> [Stored data]:
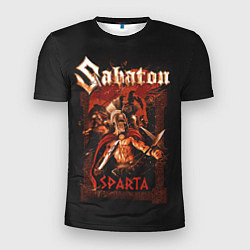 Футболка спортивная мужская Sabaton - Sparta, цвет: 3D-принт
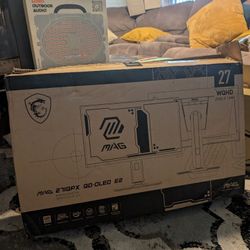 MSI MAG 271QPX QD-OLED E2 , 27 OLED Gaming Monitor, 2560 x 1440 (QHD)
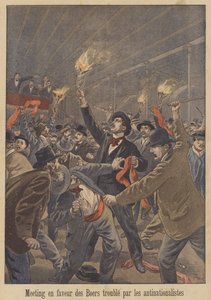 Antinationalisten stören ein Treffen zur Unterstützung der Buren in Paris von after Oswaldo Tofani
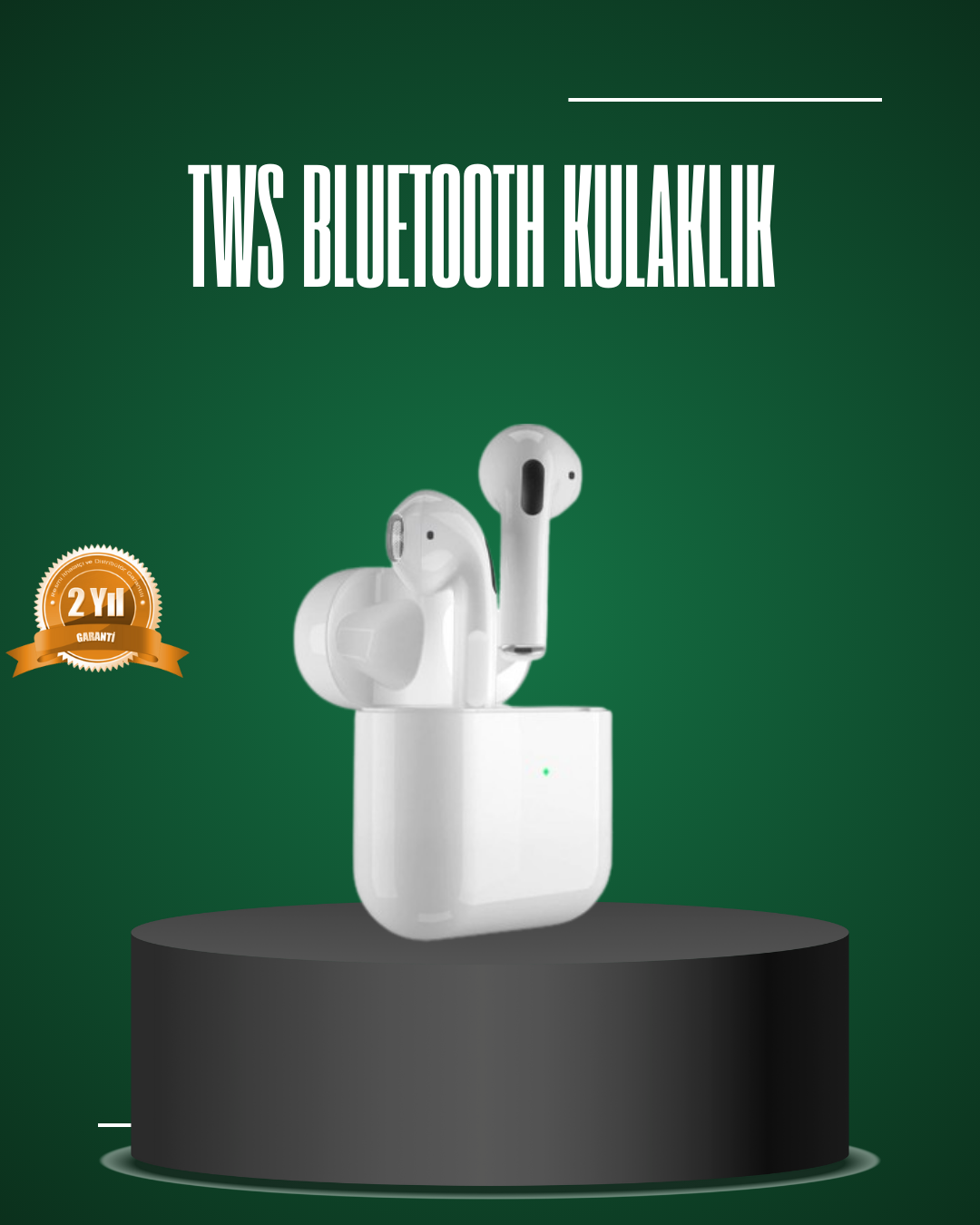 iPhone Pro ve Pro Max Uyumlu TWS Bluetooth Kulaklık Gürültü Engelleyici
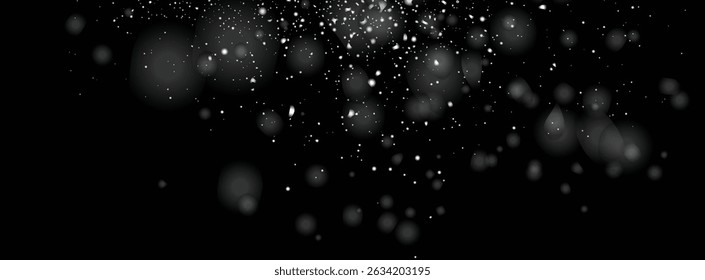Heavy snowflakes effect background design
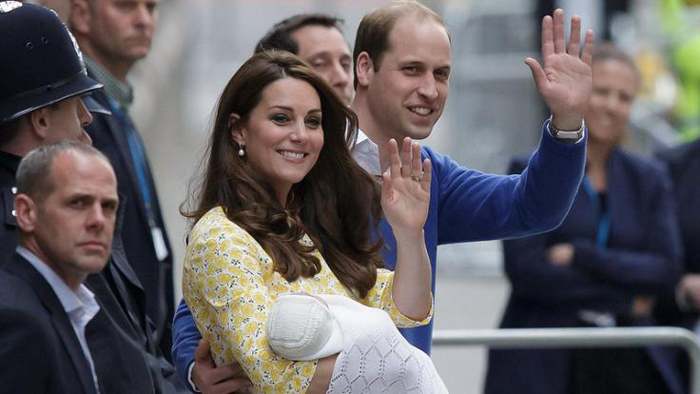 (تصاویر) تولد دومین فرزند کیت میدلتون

> [What the task asks]: Without the pictures, give all of the entries above again exactly.

> [Exercise solution]:
 Футболка спортивная мужская Sabaton - Sparta, цвет: 3D-принт
 MSI MAG 271QPX QD-OLED E2 , 27 OLED Gaming Monitor, 2560 x 1440 (QHD)
 Antinationalisten stören ein Treffen zur Unterstützung der Buren in Paris von after Oswaldo Tofani
 iPhone Pro ve Pro Max Uyumlu TWS Bluetooth Kulaklık Gürültü Engelleyici
Heavy snowflakes effect background design
 (تصاویر) تولد دومین فرزند کیت میدلتون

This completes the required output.